August 30, 2011
“Lenin is said to have declared that the best way to destroy the Capitalist System was to debauch the currency. By a continuing process of inflation, governments can confiscate, secretly and unobserved, an important part of the wealth of their citizens.”
“Lenin was certainly right,” John Maynard Keynes continued in his 1919 classic, “The Economic Consequences of the Peace.”
“There is no subtler, no surer means of overturning the existing basis of society than to debauch the currency. The process engages all the hidden forces of economic law on the side of destruction, and does it in a manner which not one man in a million is able to diagnose.”

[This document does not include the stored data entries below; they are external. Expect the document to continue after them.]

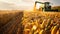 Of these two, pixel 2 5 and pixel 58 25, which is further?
pixel 2 5

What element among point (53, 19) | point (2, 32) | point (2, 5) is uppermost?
point (2, 5)

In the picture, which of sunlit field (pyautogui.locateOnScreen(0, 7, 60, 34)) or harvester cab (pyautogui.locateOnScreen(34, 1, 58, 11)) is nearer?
Answer: sunlit field (pyautogui.locateOnScreen(0, 7, 60, 34))

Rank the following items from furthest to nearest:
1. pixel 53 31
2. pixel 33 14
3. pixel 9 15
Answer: pixel 9 15
pixel 33 14
pixel 53 31

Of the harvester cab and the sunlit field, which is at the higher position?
the harvester cab

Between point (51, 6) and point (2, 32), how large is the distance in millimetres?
690

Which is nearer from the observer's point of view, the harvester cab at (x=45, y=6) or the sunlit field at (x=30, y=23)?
the sunlit field at (x=30, y=23)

Keynes warned that terrible hatreds would be unleashed against “profiteers” who enriched themselves through inflation as the middle class was wiped out. And he pointed with alarm to Germany, where the mark had lost most of its international value.
By November 1923, the German currency was worthless, hauled about in wheelbarrows to buy groceries. The middle class had been destroyed. German housewives were prostituting themselves to feed their families. That same month, Adolf Hitler attempted his Munich Beer Hall Putsch.

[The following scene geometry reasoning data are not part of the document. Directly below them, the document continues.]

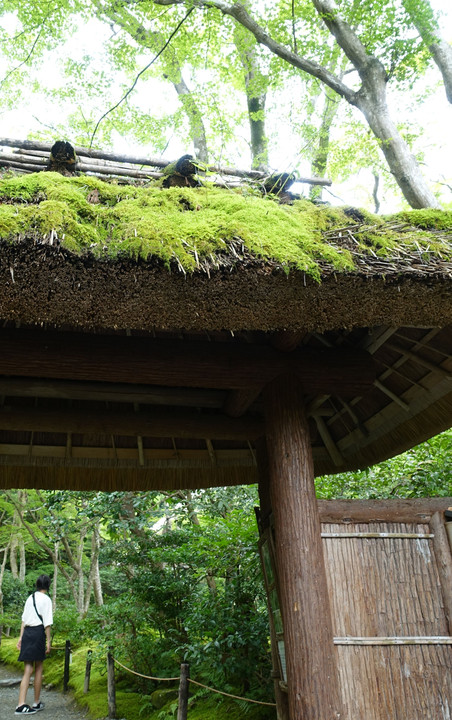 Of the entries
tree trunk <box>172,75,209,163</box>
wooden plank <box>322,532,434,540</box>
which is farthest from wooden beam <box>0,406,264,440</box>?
tree trunk <box>172,75,209,163</box>

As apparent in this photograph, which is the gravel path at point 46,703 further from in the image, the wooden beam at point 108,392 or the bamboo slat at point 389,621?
the bamboo slat at point 389,621

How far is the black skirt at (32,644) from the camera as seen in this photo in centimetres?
579

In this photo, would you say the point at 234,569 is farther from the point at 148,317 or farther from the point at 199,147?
the point at 199,147

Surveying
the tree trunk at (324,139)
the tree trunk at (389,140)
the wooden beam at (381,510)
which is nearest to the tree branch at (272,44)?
the tree trunk at (389,140)

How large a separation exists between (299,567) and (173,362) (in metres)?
1.41

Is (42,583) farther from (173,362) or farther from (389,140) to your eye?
(389,140)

Today a coterie of economists is prodding Federal Reserve Chairman Ben Bernanke to induce inflation into the American economy.
Fearing falling prices, professor Kenneth Rogoff, former chief economist for the International Monetary Fund, is pushing for an inflation rate of 5 to 6 percent while conceding that his proposal is rife with peril and “we could end up with 200 percent inflation.”
Paul Krugman, Nobel Prize winner and columnist for The New York Times, is pushing Bernanke in the same direction.
Bernanke, writes Krugman, should take the advice he gave Japan in 2000, when he urged the Bank of Japan to stimulate the economy with “an announcement that the bank was seeking moderate inflation, ‘setting a target in the 3-4 percent range for inflation, to be maintained for a number of years.’”
And who inspired Bernanke to urge Tokyo to inflate? Krugman modestly credits himself.
“Was Mr. Bernanke on the right track? I think so—as well I should, since his paper was partly based on my own earlier work.”
But Krugman is not optimistic about Bernanke’s injecting the U.S. economy with a sufficient dose of inflation.
Why is Ben hesitant? Two words, says Krugman: “Rick Perry.”